» **Task**
Your answer must match, word for word, the lines from the one holding "Anderson 1/4 in." through the final line below, with pictures excluded.

» **Data for this exercise**
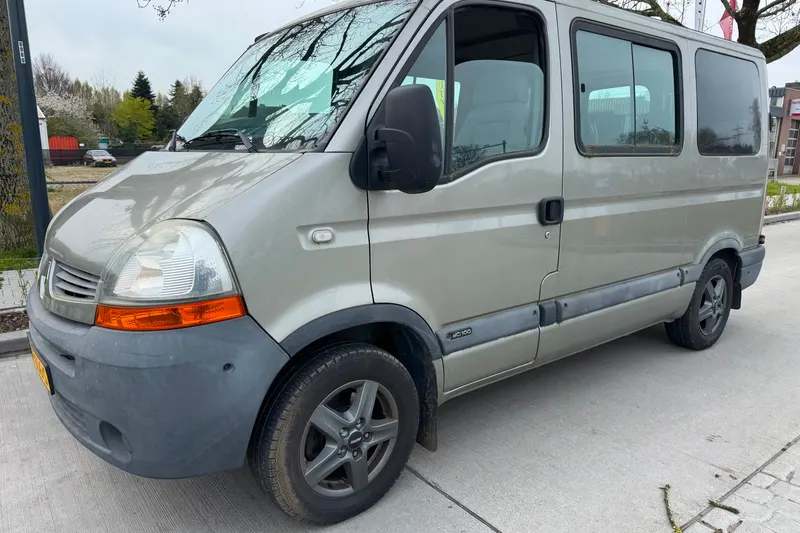 Renault Master (2010)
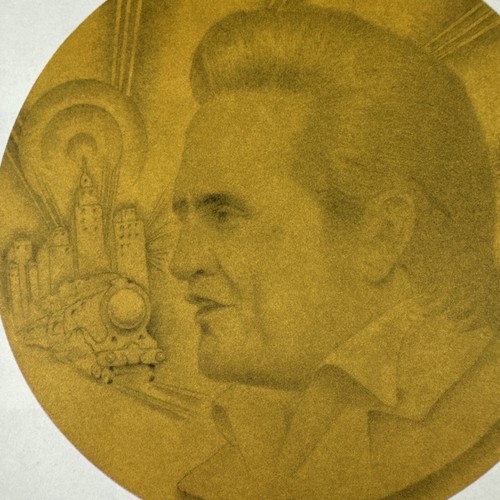 Johnny Cash The Legend Collector’s Edition GATEFOLD SUN-2-118 - Foto 7 di 16
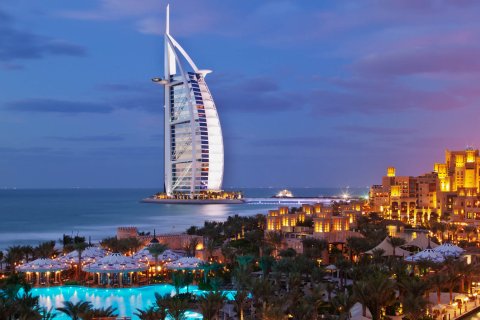 Джумейра (Jumeirah)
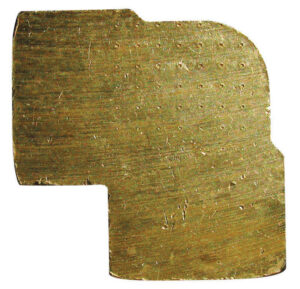 Anderson 1/4 in. Threaded X 1/8 in. D Threaded Brass Pipe Elbow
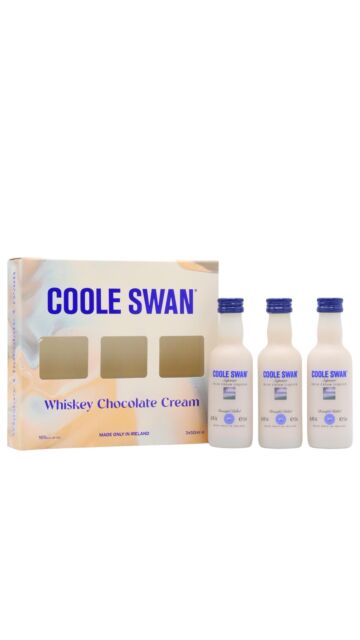 Coole Swan - Superior Irish Cream Liqueur Miniature Gift Pack
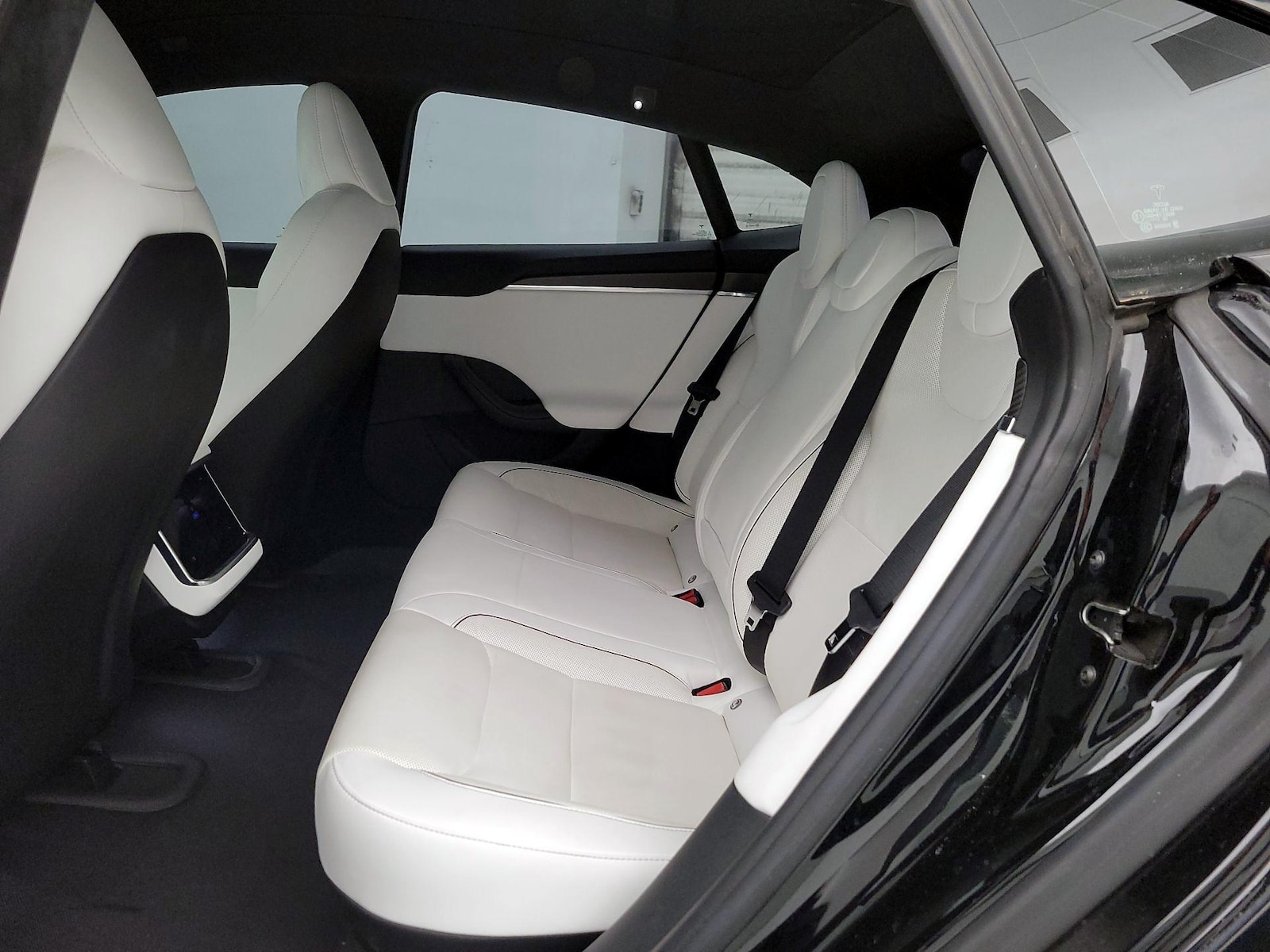 Rear Seat Heaters
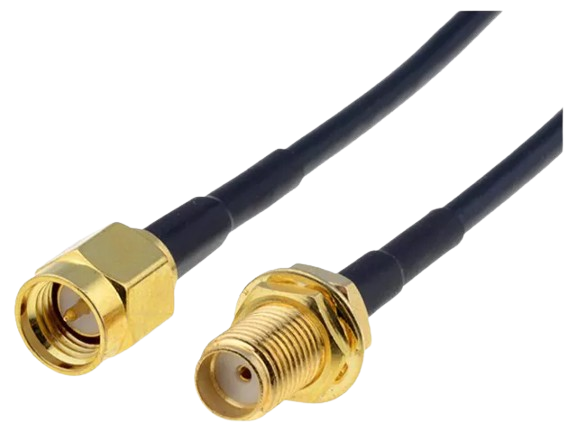 Antenski koaksijalni kabal 0.5m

» **Problem solution**
 Anderson 1/4 in. Threaded X 1/8 in. D Threaded Brass Pipe Elbow
 Coole Swan - Superior Irish Cream Liqueur Miniature Gift Pack
 Rear Seat Heaters
 Antenski koaksijalni kabal 0.5m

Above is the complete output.